New Solardome

Number 1 son is a great help

It’s Springtime here in Alabama, and one night last week we had some severe weather complete with tornado warnings & dime-sized hail.  Looking for damage the next morning, I was happy to find that nothing appeared to have been affected.

Although the Overlander is still winterized, one or both of the Boyz & I sleep out there on the weekends, and the night following the hail had “Airstream” written all over it.  Although some of the videos the Boyz choose to watch are not exactly my cup of tea, I looked forward to roughin’ it with my preschoolers in our backyard that evening.  That is until I opened the door and found the floor soaked with water.  The hail had punched holes in both my original Solardome and rooftop refrigerator vent cover.

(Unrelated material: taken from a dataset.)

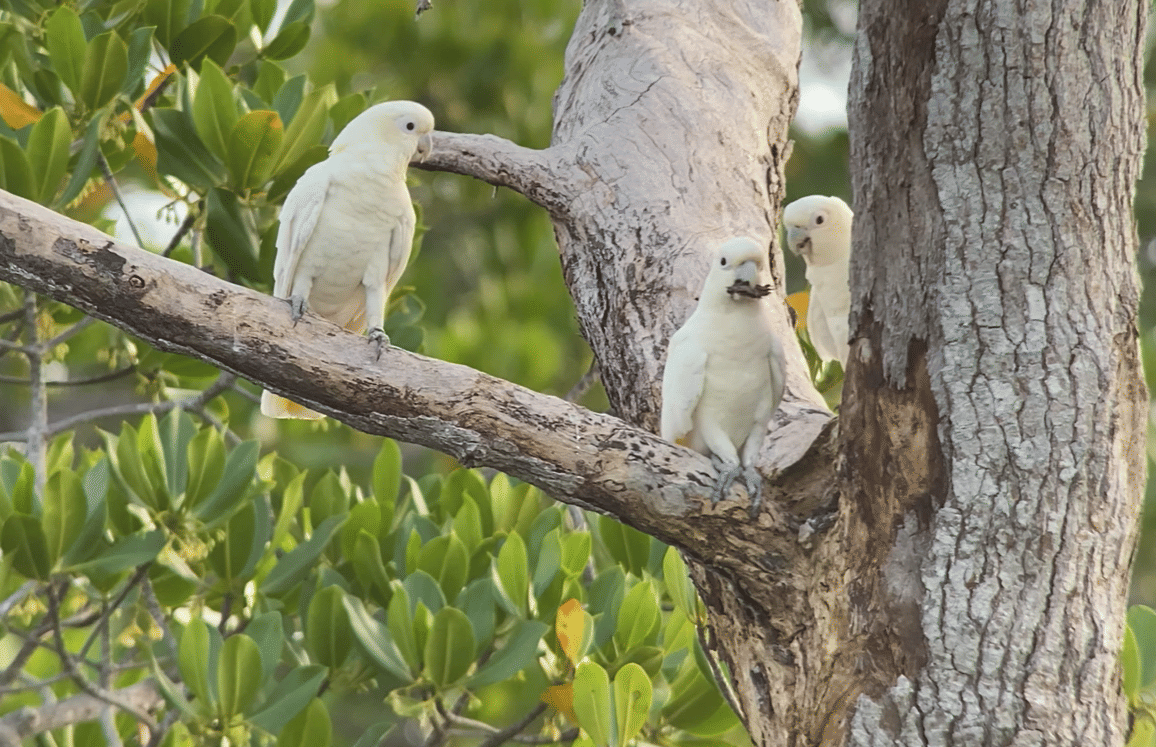 burung philippine cockatoo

Fortunately, nothing in the trailer appeared water-damaged, and since no more storms were predicted, we just mopped up the mess and made a night out of it anyway.  I called InlandRV Monday morning, and ordered a new solardome.  The lady I talked to there in California was serious when she said she would “get it right out” to me as UPS delivered it the following Friday.

Although Supply & Demand dictated that the price for the new solardome was going to be high, I was extremely impressed at how much effort went into the thought & construction of the new part.  My original solardome was a single, injection-molded piece of plastic which had sagged in the middle allowing water to puddle.  Andy’s replacement part was almost twice the weight due to what appeared to be a separate, domed piece seamlessly welded on to an otherwise flat cover.  This new solardome looks like it was built to stand the test of time.

While the corners of InlandRV’s solardome are not rounded like the original, the overall dimensions are the same. My original solardome was attached to its two mounting brackets by six bucked rivets.  Deciding to pop-rivet the new solardome on, its centerline was located:

After loosely positioning the new solardome in place, a red Sharpie was used inside the Overlander to mark the rivet holes:

Much thought was given to whether to drill through-holes (through both layers of plastic) or to drill only the piece of plastic closest to the mounting bracket, and rivet from the bottom instead of the top.  Ultimately, though-holes were considered best.  Backing washers were used on the rivet heads to keep from breaking the plastic.  The rivets were coated before & after installation with clear RTV.  If I had had some clear Parbond around, I would have used that.  But RTV should be adequate

Andy was kind enough to include a template for mounting the new [included] weatherstripping.  The lines were drawn now since it appeared to be better to install the gasket after the new solardome was riveted in place.

I’m easy to identify on the road now – Just look for the free advertising I’m giving Andy!